In a series of flash-forwards in the final episode, April and Andy ask Leslie and Ben for advice regarding the prospect of having children, which Andy very much wants but April does not. They ultimately decide to have children, and their son Jack (short for Burt Snakehole Ludgate Karate Dracula Macklin Demon Jack-o-Lantern) is born on Halloween 2023. By 2025, the couple is expecting their second child.

==Development==
While Plaza was in Los Angeles for a film, casting director Allison Jones, who cast the film Plaza was working on, asked her if she wanted to attend some meetings in the city. She set a meeting with series creators Greg Daniels and Michael Schur, who were developing the pilot. According to Schur, Jones told him, "I just met the weirdest, funniest girl I've ever met in my life, you should meet with her." Schur said that when they met with her he was taken off guard by her quiet and seemingly disinterested personality there that he felt uncomfortable, spending the meeting trying to keep her entertained. He said that, afterward, he and Daniels knew they wanted to cast her on the show. Plaza stated that at the meeting, Daniels asked her about life and what she thought happens when people died and the two had a discussion on the topic. She said that Schur likely found the conversation odd. They told her the idea for the show's pilot and that they were considering giving Amy Poehler's character an assistant that was a doltish blonde. Plaza pitched them instead the character of a smart intern who is at the department only for college credit and does not care about the job, which Plaza thought would be an interesting, comedic contrast with Poehler's character. They liked the concept for the character and created April Ludgate. Plaza, who said that in real life she was like Poehler's earnestly hard-working character, took inspiration from her younger sister for April's apathetic disposition.

Plaza later introduced the idea of April and Andy Dwyer's relationship, which stemmed from the season one finale where she improvised the line "I get it" in response to Andy telling his coworkers about his band's music and the rest of them not understanding it. Plaza thought April by that point would be attracted and responsive to Andy. Plaza also contributed other character improvisations and scene ideas to the show.
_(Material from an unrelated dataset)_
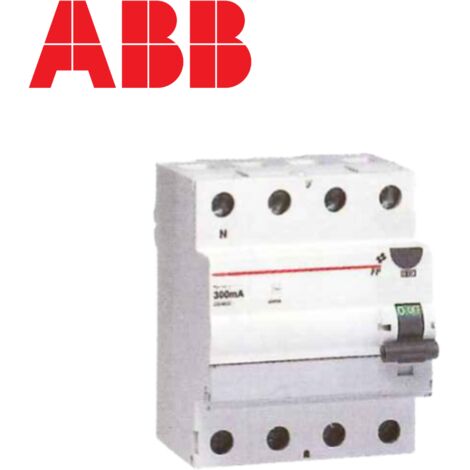 Interrupteur différentiel tétrapolaire - 300mA - Type AC - 100A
Allison P. Davis, interviewing Plaza for The Cut, said Plaza was not as deadpan and sarcastic as the famous character. Plaza said that fans often approach her hoping for the sarcasm and hostility of April Ludgate, which Plaza would sometimes oblige, but that she would really like to move beyond the character.

== Reception ==
April and Plaza's portrayal received critical praise, and April was considered a breakout character. The New York Times said that "All the characters were funny and well imagined, but Aubrey Plaza was particularly memorable as April". On the character's cultural impact, Vanity Fair regarded April as "an avatar for millennial jadedness and skepticism". The Daily Beast wrote that Plaza was "one of the greatest elements" of the series, and beyond comedic delivery she also brought "pathos" to the character.

== 2023 Saturday Night Live appearance ==
Plaza hosted Saturday Night Live on January 21, 2023 and reprised the character on a Weekend Update skit alongside Amy Poehler as Leslie Knope, in which April talks about young people getting involved in local government.